They returned and left the sleeping quarters in utter carnage before retiring to bed. The following morning filled with a sense of ennui, I decided to conduct some experiments to entertain myself. While the female infidel was showering, this is favourite time to include her in my experiments, I stole some pot pourri from a wooden bowl on her dressing table. She hissed at me from round the shower curtain, thinking this would perturb me! When I failed to bat an eyelid at the shrew's hissing, the Medussa was forced to exit the shower wet and seething, soap running down her face and into her now glowing red eyes. I decided to beat a hasty retreat to my bed.
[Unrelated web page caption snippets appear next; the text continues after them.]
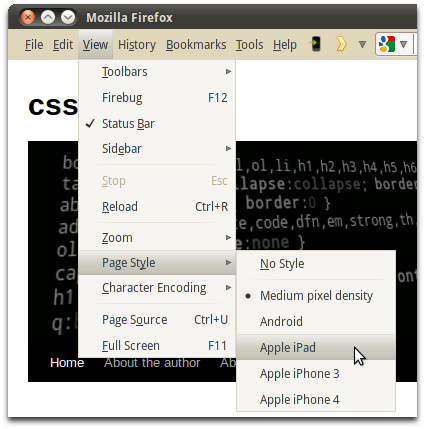Firefox allows you to change the page style in the menu under View > Page Style.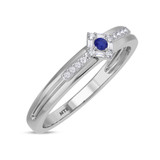 Photo of Lita 1/6 CT. T.W. Sapphire and Diamond Matching Wedding Band Set 10K White Gold [BT1003WM]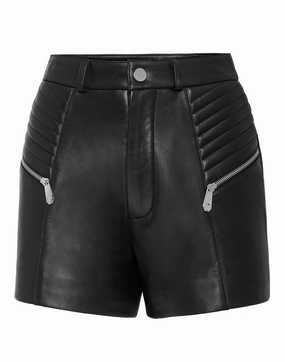 Vintage Leather Hot Pants romper Adjustable Waist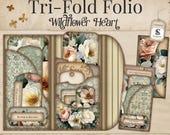 Wildflower Folio Kit, Printable Vintage Junk Journal Kit (PDF & JPG) SP003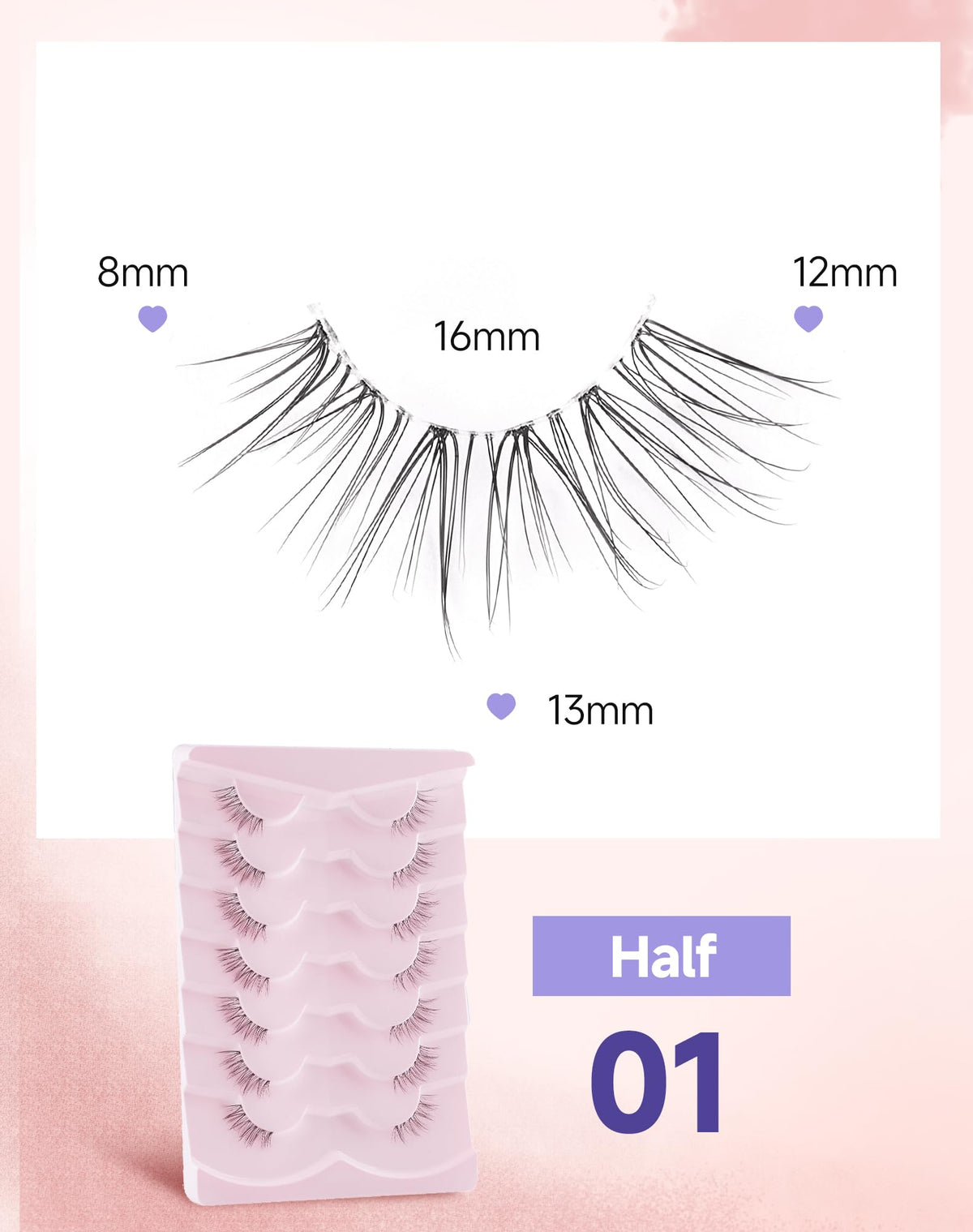 Easeful Half Lashes Natural Corner Eyelashes Wispy Natural Look Clear Band 3/4 Lashes Half-01 Easeful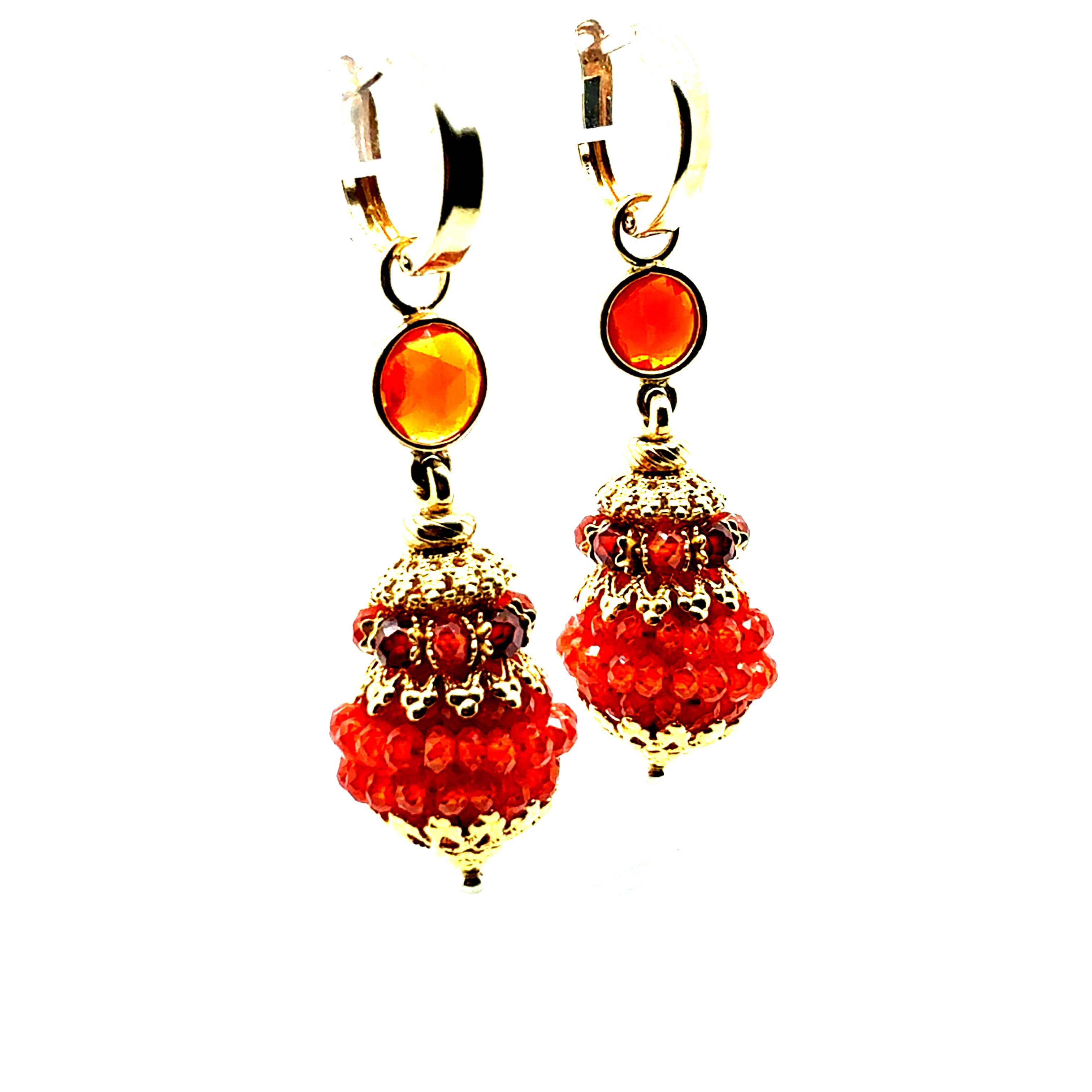 Retro Gold Drop Earrings with Layered Orange Mexican Rose Cut Opals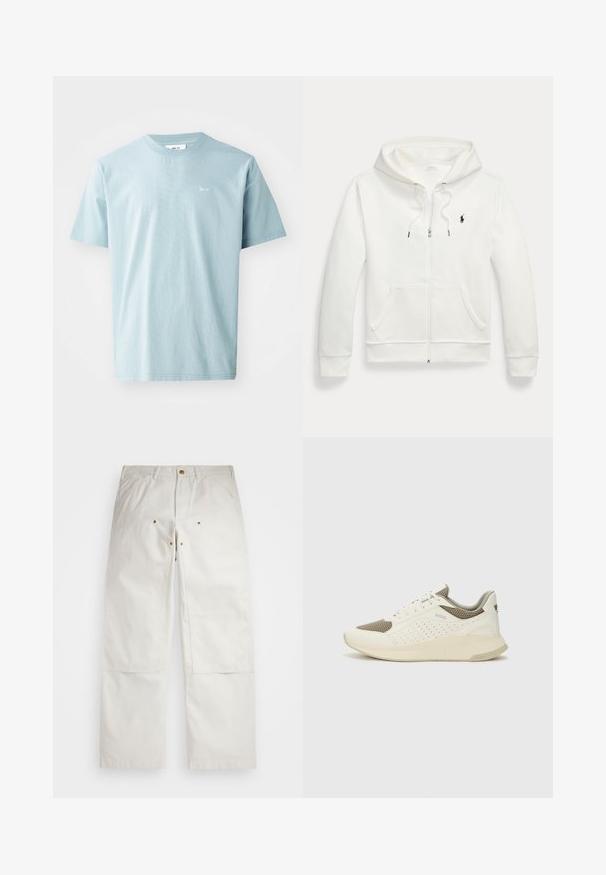 Balta užtraukiama džemperis, pagamintas iš minkštos medžiagos, su kengūros tipo kišene, reguliuojama gobtuve ir mažą juodą logotipą kairėje krūtinės pusėje.; Šviesiai mėlynas medvilninis marškinėliai trumpomis rankovėmis, apvaliu kaklu ir maža balta logotipas priekyje. Sklandi tekstūra, kasdienis dizainas.; Balti medvilniniai kelnės su laisvu siluetu, su priekinėmis kišenėmis, auksiniais akcentais ir kelių apsaugomis.; Baltas ir šviesiai bežinis sportinis kedas, su tinklo viršumi, perforuotais detalėmis ir tekstūruotu tarpine su logotipu ant kulno.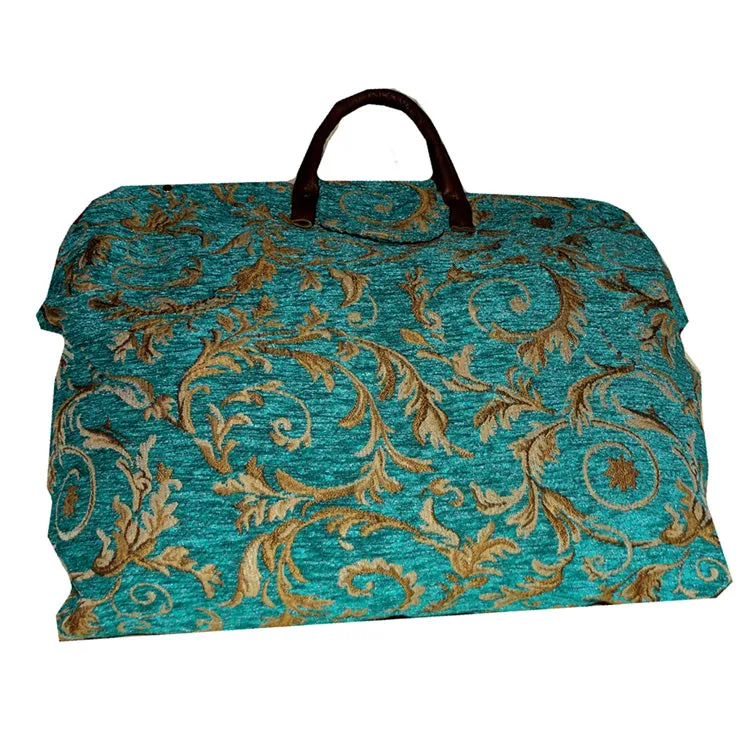 TURQUOISE SWIRL CHENILLE TAPESTRY CARPET BAG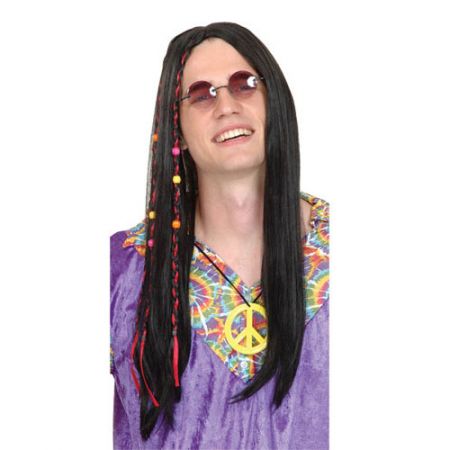Perruque Hippie Homme raide avec tresse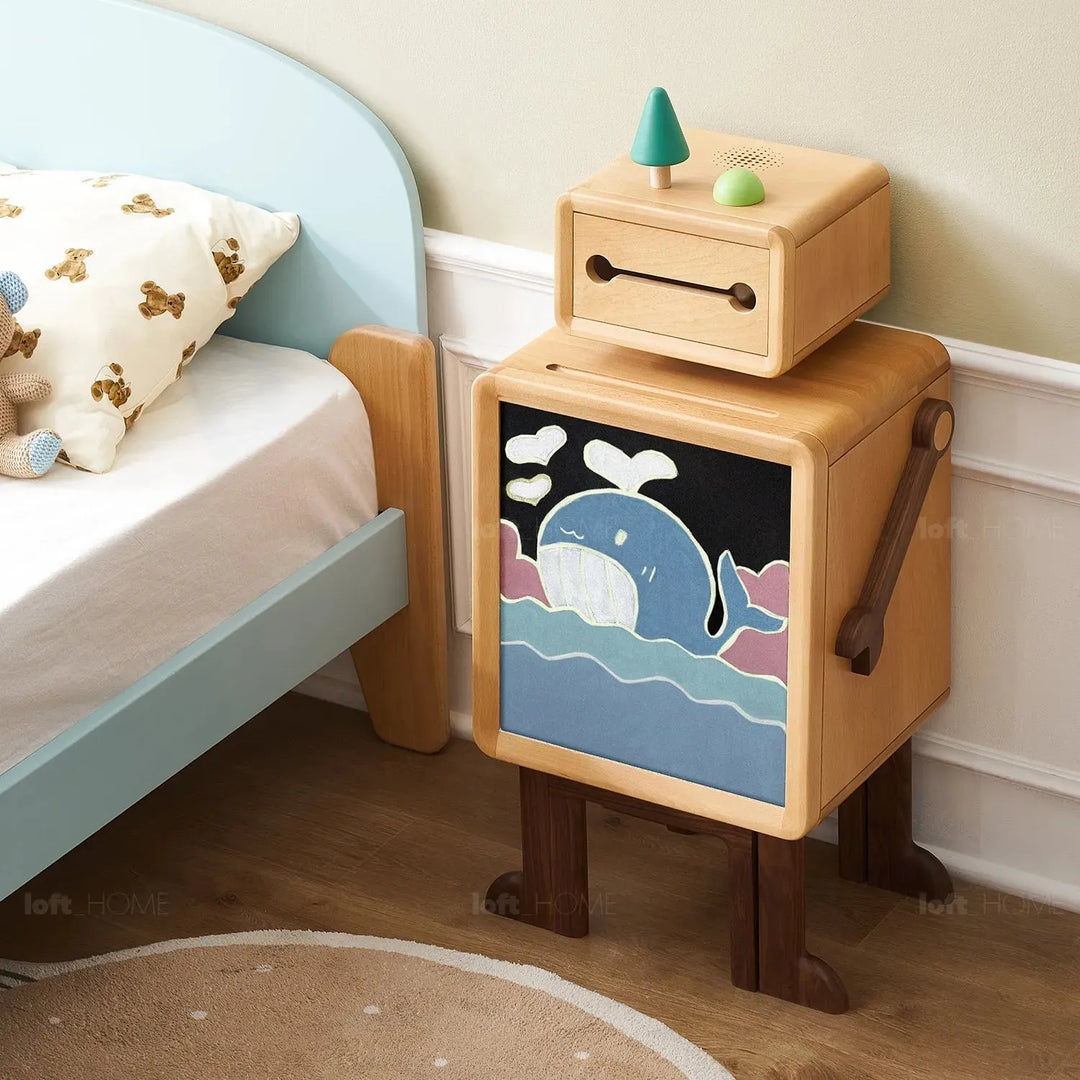 Scandinavian wood kids side table robo material variants.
Safe in the knowledge I was ensconced in my bed sulking, she returned to the shower muttering like a disconcerted bag lady. This was perfect timing for my next experiment, the findings of which were quite enlightening! The male infidel had scattered the various items from his pockets all over the dressing table on his return from the night out. I had a rummage through them and procured a pile of money. It would appear that the higher the number on the piece of paper one consumes, the higher the screams that emanate from the infidels. On discovering I had consumed almost an entire SR500 note, I thought the female infidel was going to have a stroke! The male infidel rummaged around my tonsils, in a pitiful effort to retrieve the remains. Thinking he could salvage the now dripping note, he was most put out that I had swallowed the numbers and muttered something about warm water and mustard!
Both the male and female infidels spent the remainder of the weekend pouting and throwing me disparaging looks. The male infidel inferring that I had best learn to behave myself. When his back was turned I ate his Raybans a little, just enough to show I cared...less!